In the listing below, find the line with "Cladire de birouri" and the line with "CASA 5 AMBIENTES", then return them and every line between them exactly, minus the pictures.

| Dataset content |
* * * * * * * * *
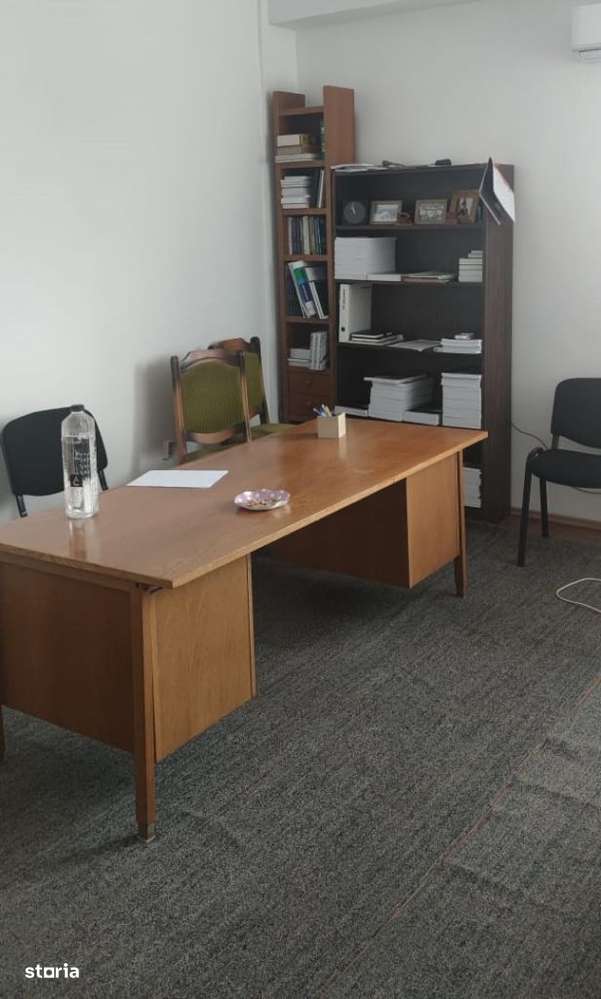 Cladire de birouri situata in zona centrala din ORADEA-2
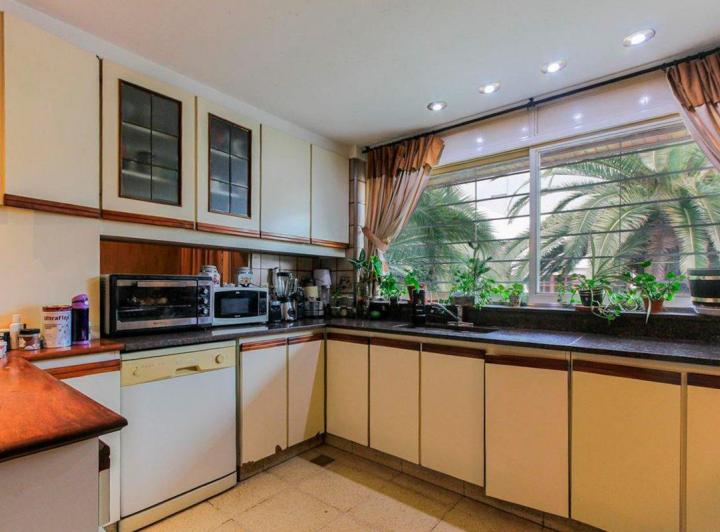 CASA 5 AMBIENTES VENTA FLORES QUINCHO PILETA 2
* * * * * * * * *
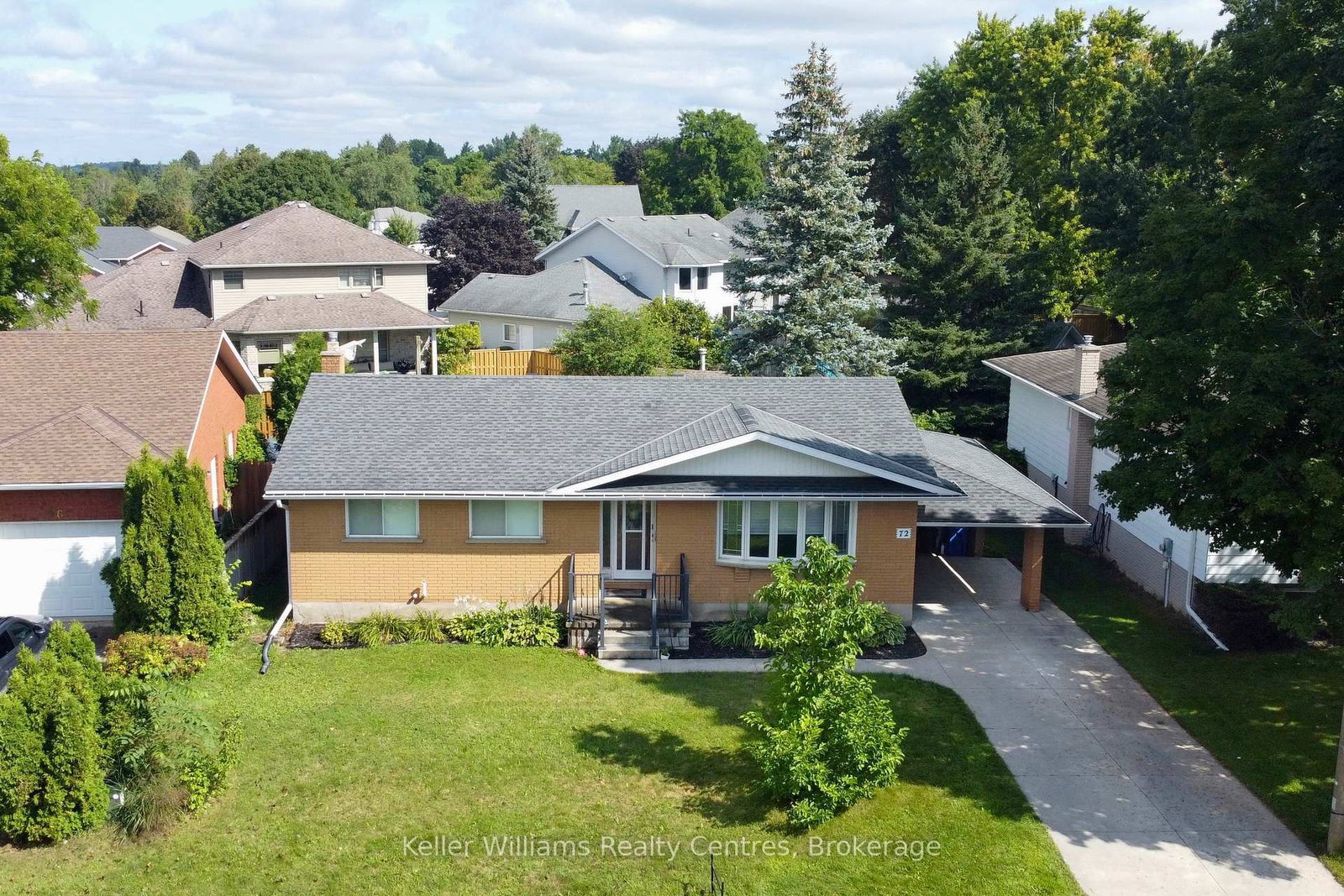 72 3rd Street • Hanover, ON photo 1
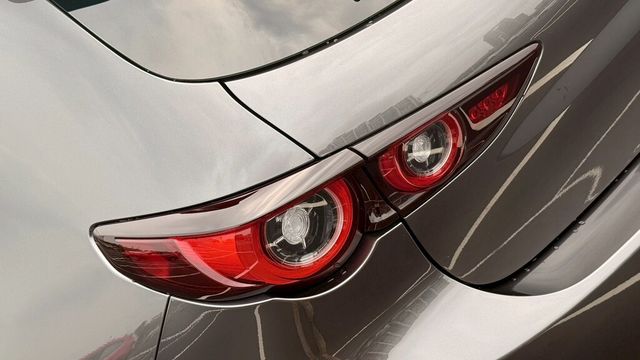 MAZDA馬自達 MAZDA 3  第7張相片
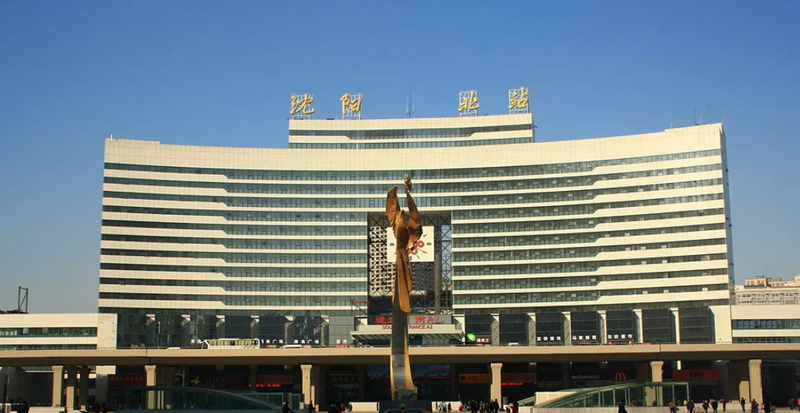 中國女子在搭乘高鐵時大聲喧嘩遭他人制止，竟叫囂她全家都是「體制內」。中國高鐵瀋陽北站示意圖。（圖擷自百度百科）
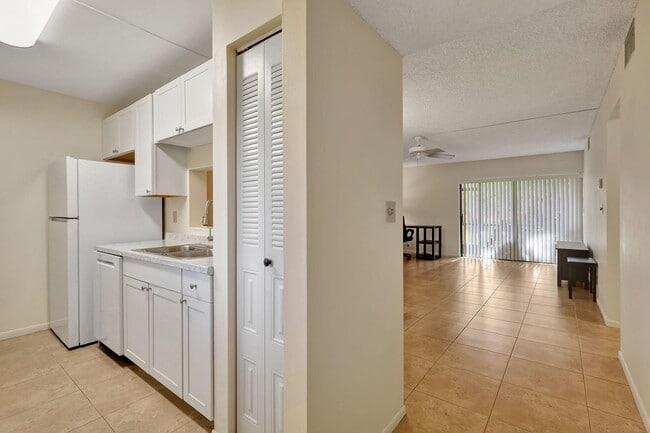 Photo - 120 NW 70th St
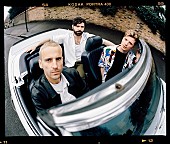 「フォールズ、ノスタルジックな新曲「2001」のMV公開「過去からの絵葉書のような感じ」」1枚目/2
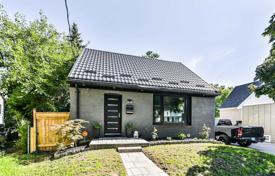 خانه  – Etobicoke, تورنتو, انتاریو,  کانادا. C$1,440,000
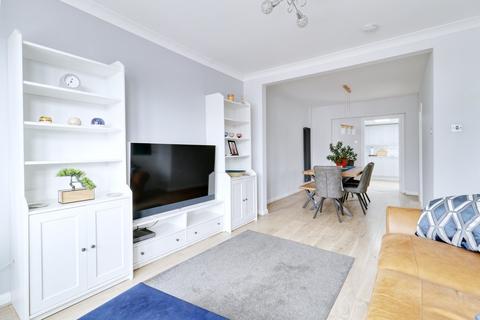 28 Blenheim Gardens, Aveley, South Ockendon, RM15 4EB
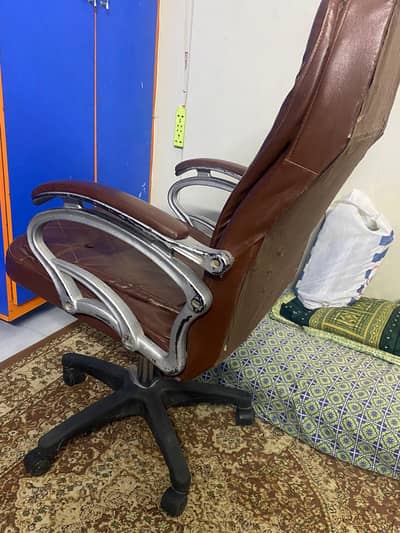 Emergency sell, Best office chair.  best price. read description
* * * * * * * * *
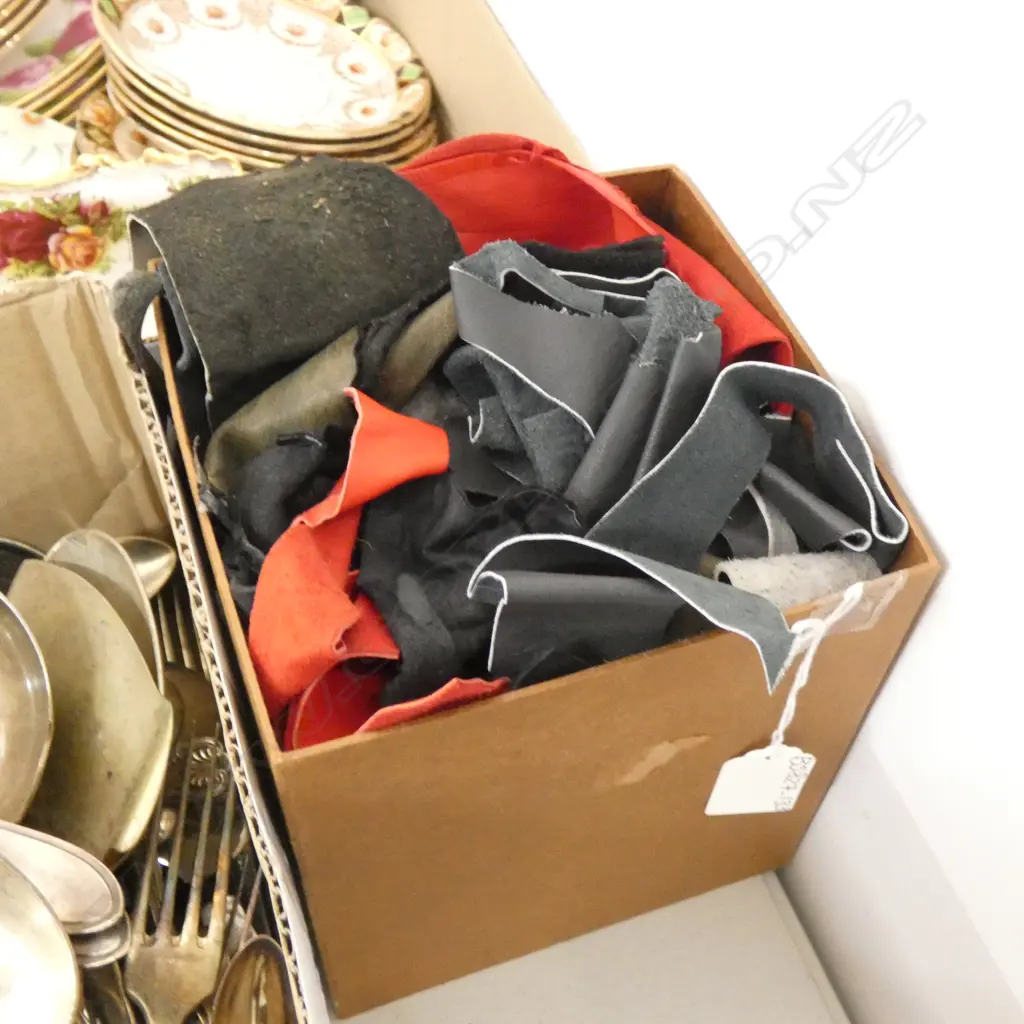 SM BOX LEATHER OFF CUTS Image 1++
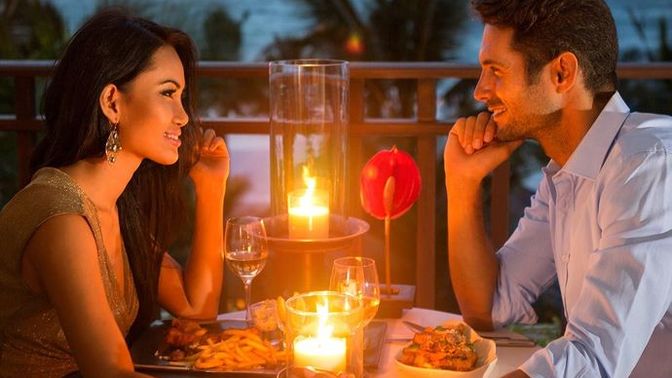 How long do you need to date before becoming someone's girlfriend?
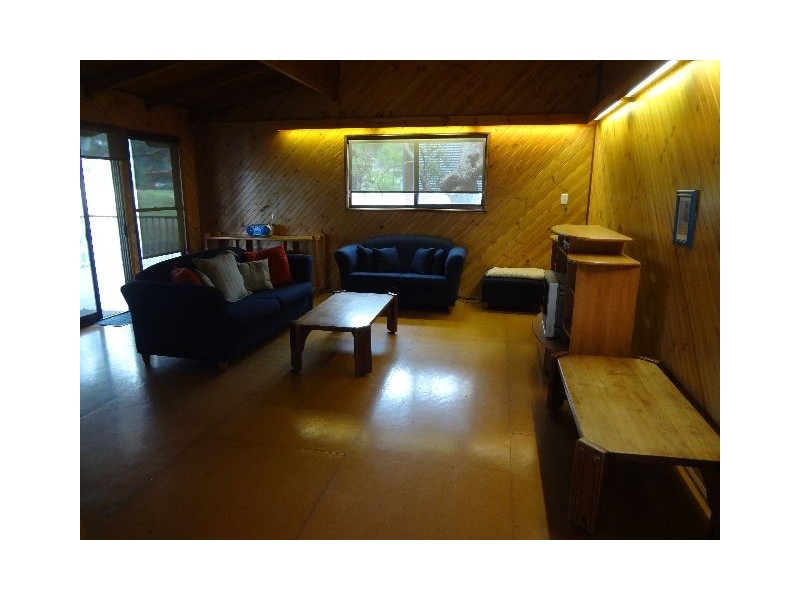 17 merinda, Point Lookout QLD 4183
* * * * * * * * *
| Reply |
 Cladire de birouri situata in zona centrala din ORADEA-2
 CASA 5 AMBIENTES VENTA FLORES QUINCHO PILETA 2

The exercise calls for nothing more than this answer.